Abstract

Nicole Stremlau’s book is unique in many ways and provides essential insights into the issues that have shaped media development in two East African countries, Uganda and Ethiopia, through a comprehensive comparative analysis. The general aim of the book is to analyze the complexities of media and politics in their contexts and logic to provide an understanding of why the media is the way it is in these two countries. She describes Ethiopia and Uganda as exhibiting autocratic tendencies and their governments as trying to navigate the challenges and opportunities posed by media and communications. The countries have similar political histories and share political ideologies currently, but the media environments are very different; Stremlau considers them ripe for comparative analysis. Stremlau is the Head of the Programme in Comparative Media Law and Policy at the University of Oxford and a Research Professor in Humanities at the University of Johannesburg.
In Chapter 2, Stremlau introduces the readers to Ethiopia and Uganda’s political and media development, including heightened political moments such as elections. During such events, there is increased arrest and detention of bloggers, killings of protesters, blocking of the Internet and particularly social media platforms, repression of the media, and also detaining opposition leaders. She acknowledges that some of Africa’s greatest postcolonial founders were journalists themselves and held compassionate views on how the power of the media could be harnessed for the challenges they faced, particularly unity and integrity; this was shortlived, however.
In Chapter 3, Stremlau discusses the emergence of the Ethiopian developmental model and the role of ideology from the era of the guerrilla insurgency and the 1960-1974 student movement, including the ideologies shaped during the armed struggle of the Marxist-Leninist military government that followed. The chapter proceeds to understand how ideologies of the opposition before 1991 come to be applied by Ethiopian People’s Revolutionary Democratic Movement (EPRDF) to the task of the governance after it came to power, and to explain the international appeal the EPRDFs governance model has held for other countries on the continent.
In Chapter 4, Stremlau discusses how EPRDF approached the institutional and ideological legacy that it inherited from the previous regime and how that has proved to be a significant determinant of the shape of contemporary institutions and broader issues of reconciliation. She describes EPRDF as having purged the older ideologies but at the same time failing to address historical grievances, which set in motion processes of resentment and distrust that have contributed to the highly polarized media landscape that exists today in Ethiopia.
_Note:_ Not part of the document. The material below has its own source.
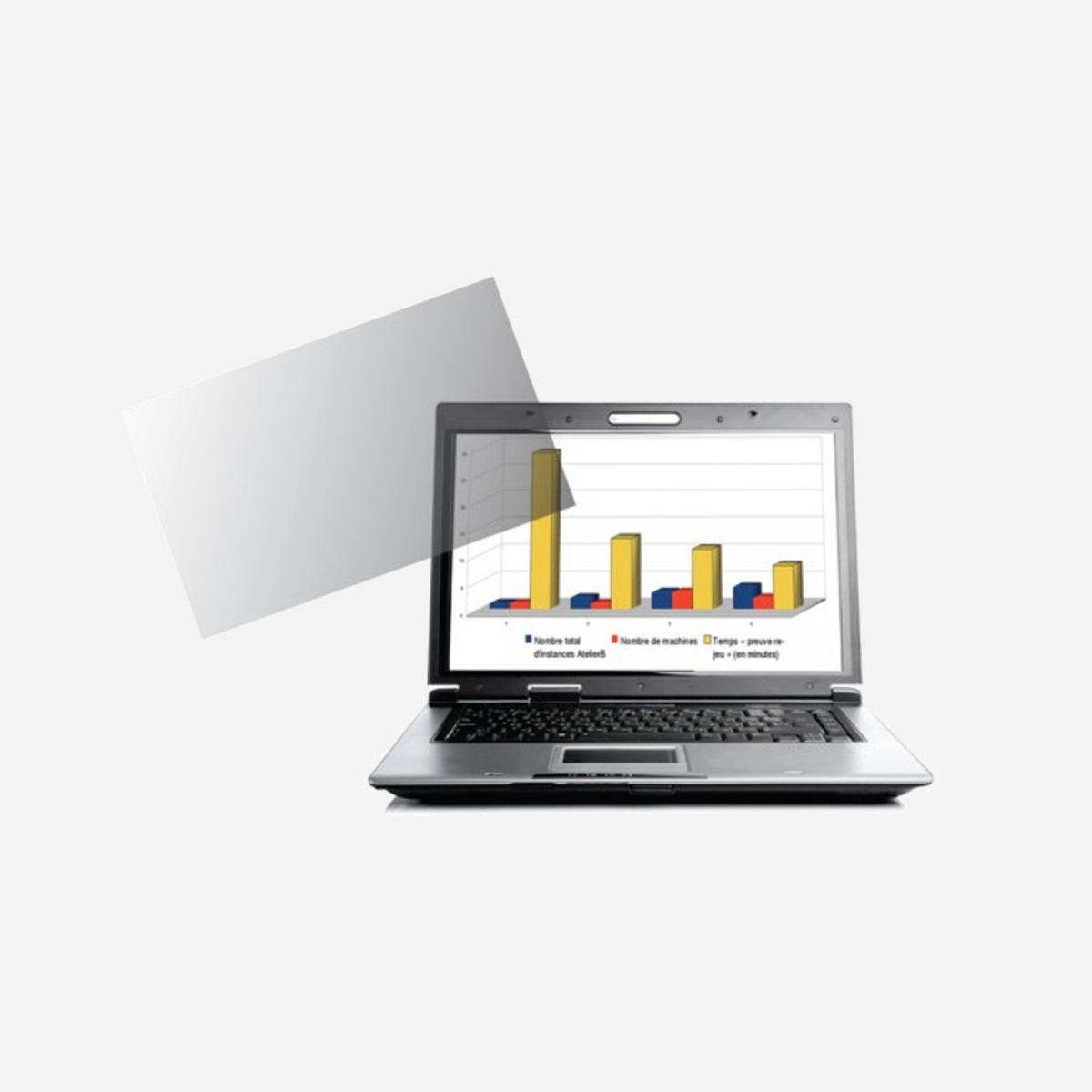 Urban Factory SSP01UF Filtre de confidentialité 15.4" (39.1cm) Anti-reflet/Radiation/Statique, LCD 332x208mm, Format 16:10, Installation adhésive/latérale - Filtres écran de confidentialité pour notebook. L’ écran de votre ordinateur portable ne peut être vu que si l’on se positionne en face. L’angle de non-vision est de 30°. Les personnes sur les côtés ne peuvent rien voir. Idéal pour éviter les regards indiscrets de vos voyages en train ou en avion.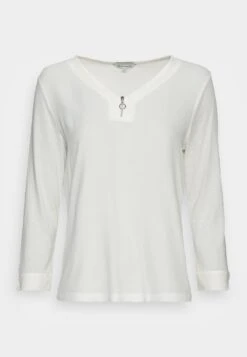 Tom Tailor T-Shirt À Manches Longues - Whisper White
Stremlau also describes how issues of regionalism came to the fore of public debate as protests erupted in 2005 and 2006, affecting the development of the media system.
In Chapter 5, Stremlau highlights nongovernmental media and how they serve as an opposition in the political process that has been anything but transparent and open. The dissenting voices in these oppositional media have come from various sectors of society, including youth and religious groups, diaspora communities, and political parties. Stremlau discusses how critical elements of this oppositional media have reflected these competing ideas and interests, as well as the efforts of the government to curb them through legal and extra-legal means, some planned and well-articulated and others more reactive. EPRDF has increasingly been restricting the media as more in the interest as in the interest of maintaining its rule.
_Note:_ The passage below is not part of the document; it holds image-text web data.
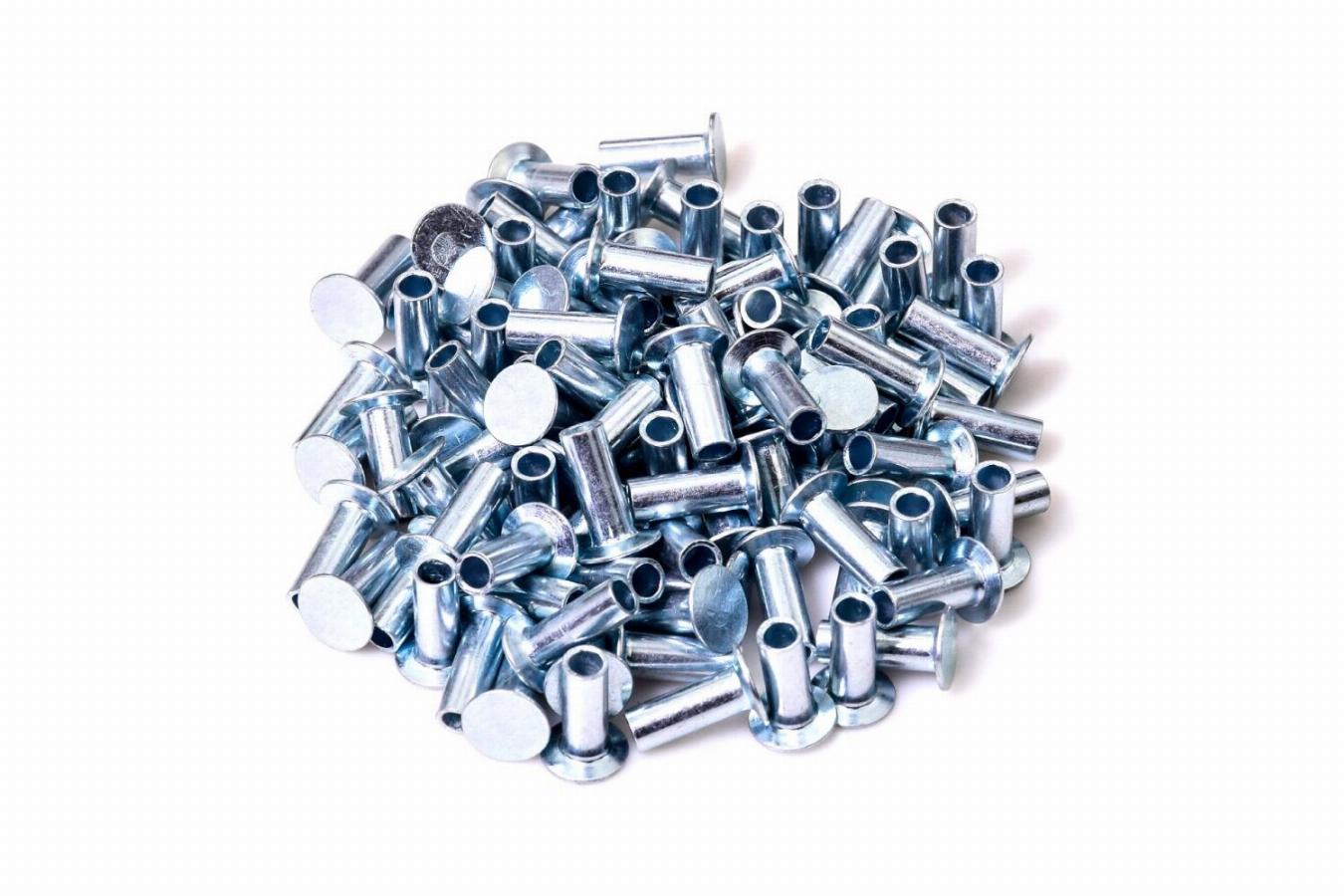 Заклепка 6,35*15,9 L=10 трубчатая сталь к-т 100шт. T02117002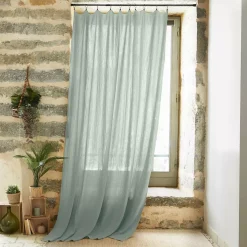 Online Tenda garza di cotone regolabile (180 x max 300 cm) Gaïa Verde eucalypto Tende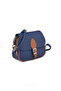 Women's Bag with Cover Detail, Three Compartments, Crossbody, Width: 23 Cm, Length: 19 Cm, Width: 10 cm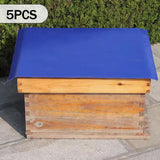 Maxbell 5 Pieces Bee Hive Lid Rainproof Cloth Easy to Install Beekeeping Accessories Blue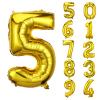 AIEX Gold Number Balloons 28 Inch, Inflatable Large Foil Balloon Number Balloons for Birthday Party Graduation Decorations (5) view 1
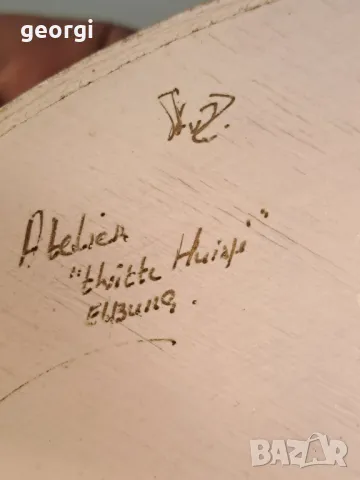 ретро дървен поднос изрисуван с рози  21/3, снимка 6 - Антикварни и старинни предмети - 49175787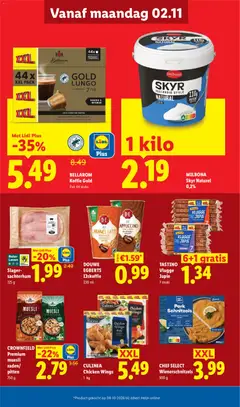 MILBONA Skyr Naturel 0,2%, 1 kilo Icelandic Style Natural 0.2% Fat - Voorbeeld van een folder van Lidl, geldig van 02-11-2026 | Pagina: 10
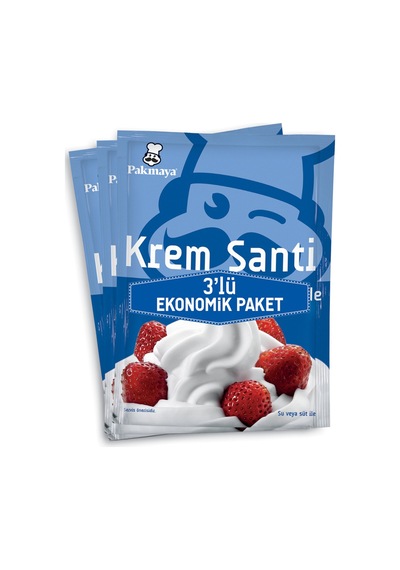 Pakmaya Krem Şanti 3'lü Avantaj 225 G - 8 Adet Tarı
The next three chapters discuss the sociopolitical, economic, ideological, and cultural issues that shaped the media environment in Uganda. In Chapter 6, Stremlau discusses the early days of the National Resistance Movement (NRM) government. Personal characteristics of Museveni as an NRM leader are discussed, as well as NRM ideology and the justification for the single-party rule, and how these political ideologies were embedded within the Ugandan Constitution.
In Chapter 7, Stremlau explores the development of media institutions under the single-party rule in Uganda and the extent to which efforts of reconciliation were incorporated in the process. By focussing on the new vision for the rebuilding of state institutions by NRM, Stremlau describes this vision as including publication of newspapers, as a unique experiment in creating a party-led, but semi-independent, initiative that set much of the tone and character of the media system as a whole. She also notes that many of the reforms Museveni put into place soon after coming to power have slowly been reversed.
In Chapter 8, Stremlau discusses how the government has sought to shape opposition media and co-opt critical voices as a way of consolidating power. It questions what it means to have a critical media in the context of the NRM’s single-party rule and how interests beyond those of the ruling party are reflected within the media system. The focus here is on Museveni and how he sought to advance the political interest of the NRM through the law and patronage networks. This chapter also demonstrates that the change in priorities has been differently felt across regions and generations in Uganda.
In the concluding chapter, Stremlau discusses the role of the media in the development of a nation of citizens and in state building and draws comparative conclusions as to why the media environments in Ethiopia and Uganda are different. The unique thing about this book is the depth Stremlau gives on the historical, sociopolitical, cultural, and ideological context of Ethiopia and Uganda and the role of the media in such complex nations. The other success of this book is the process tracing methodology it uses to compare the media environments. It is an essential addition to the literature on the media in Africa, and specifically Uganda and Ethiopia.